Staging the Residency | Yara Piras

Prima intervista con una degli artisti in residenza all'Archivio Viafarini e VIR - Settembre - Dicembre 2021
7 Novembre 2021
Io, il più lurido di tutti i pronomi, 2021. Courtesy: l’artista

Intervista di Tommaso Pagani —

In occasione di Walk-in Studio 2021 hai presentato l’installazione Io, il più lurido di tutti i pronomi il cui titolo allude all’invettiva di Carlo Emilio Gadda. Partendo dalla constatazione che l’impiego dei pronomi di prima persona postula l’unicità del referente, dell’io, per Gadda quest’uso apre la via all’insorgere dell’egoismo e del narcisismo. Come si traslano queste riflessioni nel tuo lavoro?

Io, il più lurido di tutti i pronomi pone al centro della riflessione l’io. Una riflessione costretta che porta lo spettatore – il pensatore – a sedersi e valutare, meditare, pensare a sé stesso. Ma questa riflessione avviene guardando la proiezione della scrittura di altri; quindi, l’io stesso o si identifica o si annulla. A chiusura la diapositiva che recita le parole di Gadda, parole ironiche, profonde e spiazzanti, che portano lo spettatore a guardarsi e a disconoscersi. Anche se, in fondo, l’opera nasce da un più profondo ed egoistico bisogno di studiare, conoscere e indagare il mio io, senza cercarlo, se non attraverso la creazione di un’opera.

Io, il più lurido di tutti i pronomi, 2021. Courtesy: l’artista

In che modo il confronto con gli artisti in Viafarini, e in generale la natura discorsiva e dialogica della residenza, ha influito su questo progetto, modificandone i presupposti e le istanze iniziali?

L’incontro con gli artisti è stato prezioso in quanto ho potuto constatare nel dialogo reciproco o il semplice scambio di alcuni contenuti progettuali, che le indagini o il nucleo della ricerca si incontravano. Così nell’opera ho integrato, oltre alle riflessioni tratte dalla cognizione del dolore, altre voci o meglio scritte, quelle dei residenti. Ho chiesto a chi volesse partecipare, di scrivere sul mio quaderno degli appunti il semplice pronome “io”. Per tutti lo stesso paradigma.
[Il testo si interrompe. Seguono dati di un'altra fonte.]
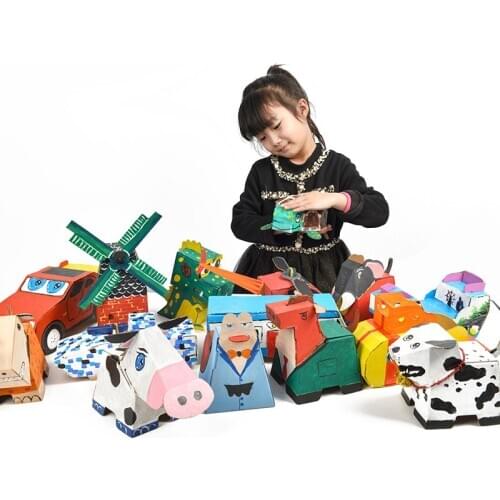 Educational Handmade Corrugated Cardboard 3D DIY Doodle Graffiti Puzzle Coloring Assembled Paper-cutting House Model Toy For Kid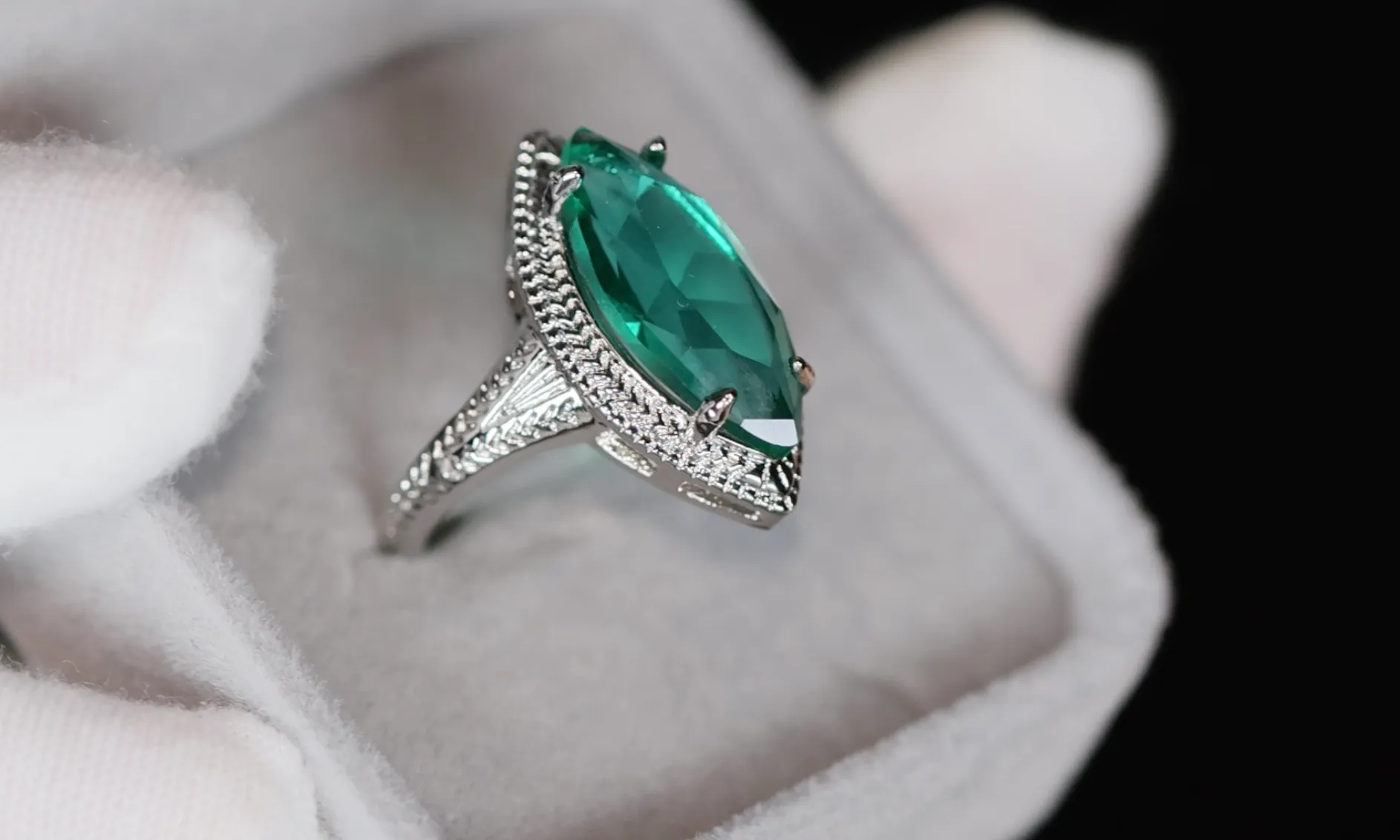 Womens Green Marquise Diamond Ring, Big Green Diamond Ring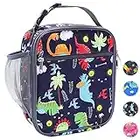 FEYG Lunch Bag for Kids, Dinosaur Insulated Blue Lunch Box Snack Box with Strap & Side Mesh Pocket, for Boys Girls, Child Thermal Tote Cooler Bag Portable Leak Proof for School Picnic Outdoor or Work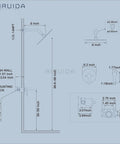 Technical diagram of 8 Inch Round Rainfall Shower Head Matte Black Shower Faucet Set with SUS304 Stainless Steel Trim Kit.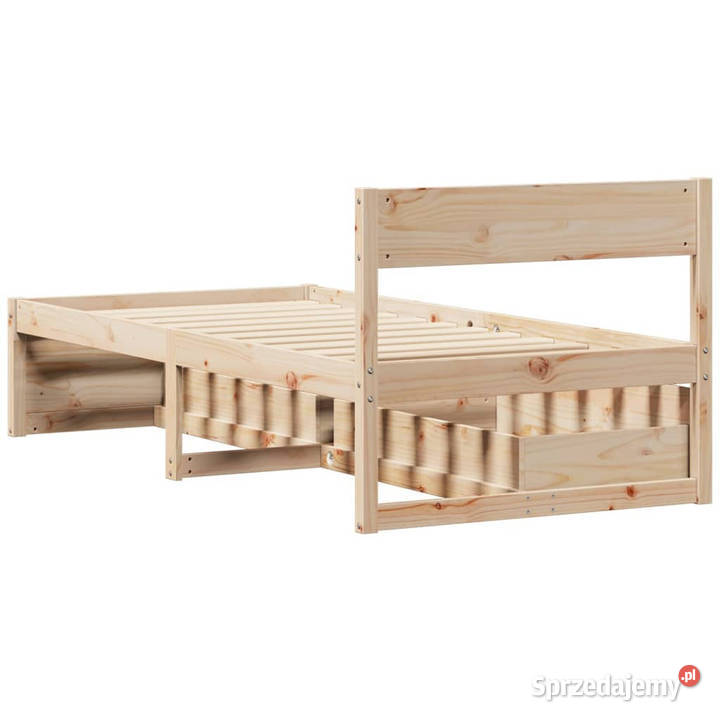 Rama łóżka bez materaca lite drewno sosnowe 95cm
Così il contenuto era lo stesso, ma la forma mutava di pagina in pagina: le diverse calligrafie e personalità si facevano voce del proprio io. In questo modo ho potuto regalare allo spettatore il ritrovarsi oltre che al disconoscersi.

44.86.96, 2017. Courtesy: l’artista

In opposizione all’idea di archivio come deposito polveroso e caotico radicata nell’immaginario comune, Michel Foucault ne parla in termini di “sistemi generali della formazione e trasformazione degli enunciati”.  Che ruolo ha l’archivio nella tua pratica?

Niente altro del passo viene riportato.